La violence domestique crée un cercle vicieux qui marque de son sceau les adolescents et les enfants, eux‑mêmes futurs parents et maris. Elle se reproduit selon une progression géométrique, privant les enfants d’une vie familiale: ces derniers se retrouvent alors dans la rue ou sont placés dans des institutions d’Etat qui ne peuvent leur fournir des soins et une attention convenables. 160 000 enfants sont actuellement élevés dans ces institutions (orphelinats, maisons pour enfants, etc.). Dans le cas de 90 % d’entre eux, les parents négligent leurs obligations ou sont déchus de leurs droits par décision judiciaire (ou sont en détention). Et le nombre d’actes cruels envers des enfants ne cesse d’augmenter. 70 % des traumatismes qui leur sont infligés le sont dans leur famille même. La violence contre les enfants touche une famille sur quatre.

Chaque année, 30 000 jeunes fuient la cruauté qu’ils subissent dans leur famille, 6 000 s’enfuient des institutions d’Etat, et 2 000 se suicident. 27 000 sont victimes de divers actes criminels, y compris sexuels.
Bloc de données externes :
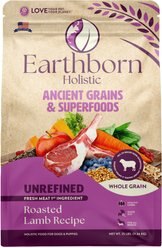 Earthborn Holistic Unrefined Roasted Lamb with Ancient Grains & Superfoods Dry Dog Food, 25-lb bag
Dès l’enfance, ils s’adonnent à la boisson, sont impliqués dans des affaires de stupéfiants et de vols avec violence, ou sombrent dans la mendicité et la prostitution (12 à 15 % des prostitué(e)s ont moins de 16 ans). On ne peut évidemment se faire aucune illusion sur l’état de leurs futures relations familiales.
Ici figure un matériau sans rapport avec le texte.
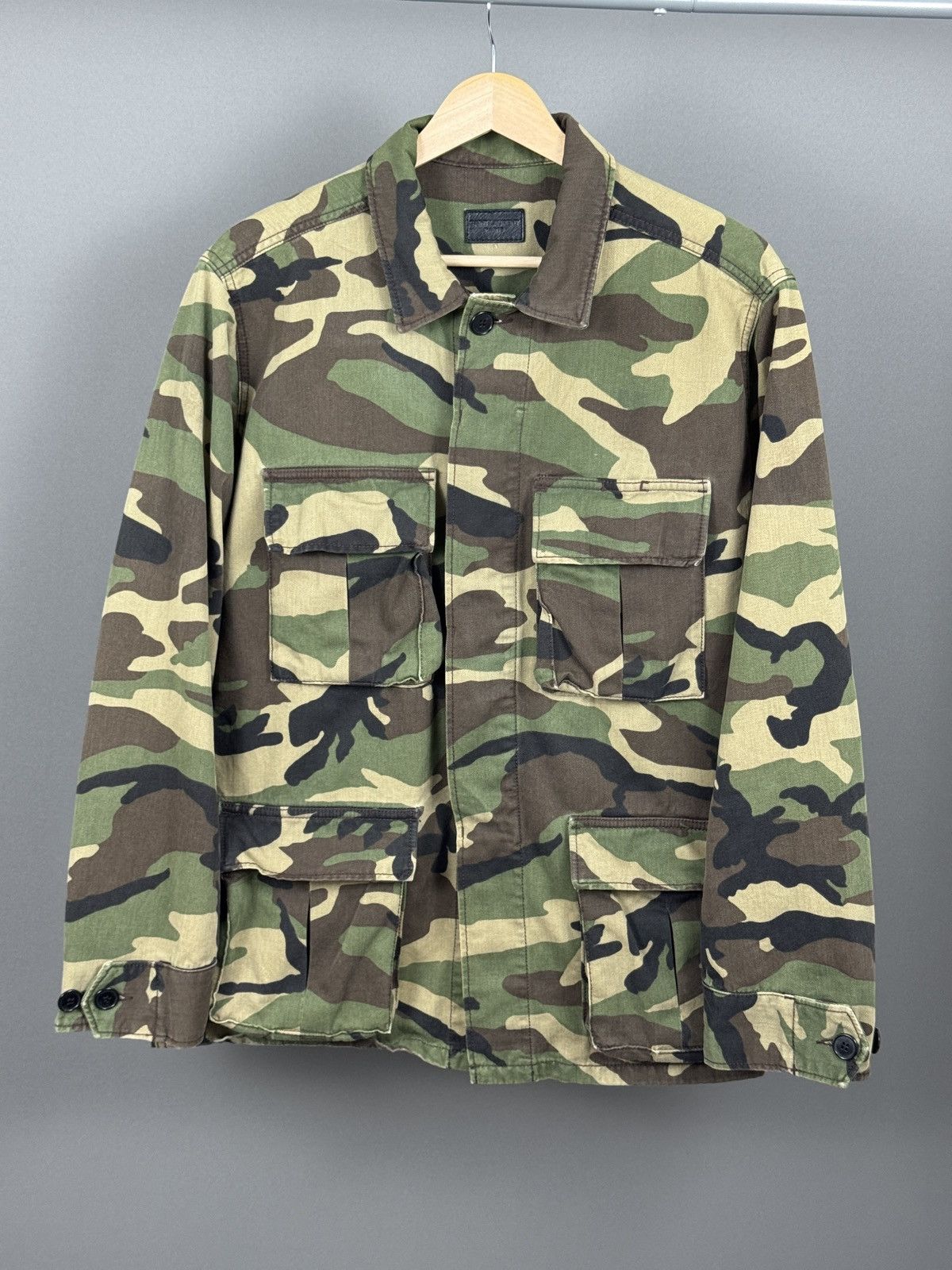 Saint Laurent Paris Multi Pocket Military Camo Jacket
Il doit être bien clair que notre désir de dresser un tableau exact de la situation socio-économique et des racines de la violence ne signifie nullement que nous regrettions le régime précédent et l’ancien système économique. Mais nous devons admettre que la réforme rapide de la société russe a fait disparaître les garanties sociales qui permettaient aux personnes les plus démunies, aux personnes âgées, aux handicapés, aux orphelins et aux femmes, de survivre. Ces garanties n’ont pas été remplacées par d’autres mesures efficaces.

Cette brève analyse des conditions qui ont un impact direct sur la société et qui engendrent effectivement la violence domestique n’a d’autre but que de montrer l’ampleur des problèmes que nous devons résoudre dans plusieurs domaines, à savoir: la protection juridique, la restructuration du budget selon une optique sociale, la création d’un réseau de centres d’aide d’urgence pour les femmes et les enfants, la coopération entre les médecins, les enseignants, les juristes, les psychologues, les travailleurs sociaux, les économistes et bien d’autres professionnels confrontés chaque jour au problème de la violence masculine.
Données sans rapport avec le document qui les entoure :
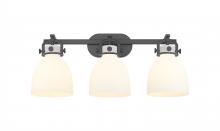 Innovations Lighting 410-3W-BK-G412-7WH - Newton Bell - 3 Light - 27 inch - Matte Black - Bath Vanity Light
Il est certain que même forts de l’expérience européenne en matière de lutte contre la violence domestique, nous ne parviendrons pas à grand‑chose tant que nous n’extirperons pas les causes socio‑économiques de l’hostilité et de l’agressivité dans notre société, tant que l’Etat et les autorités à tous les niveaux n’agiront pas en priorité dans l’intérêt de chaque membre de notre société, tant que, enfin, nous ne parviendrons pas à établir un lien entre les droits de l’homme (leur philosophie et leur pratique) et la réforme socio‑économique dans notre pays.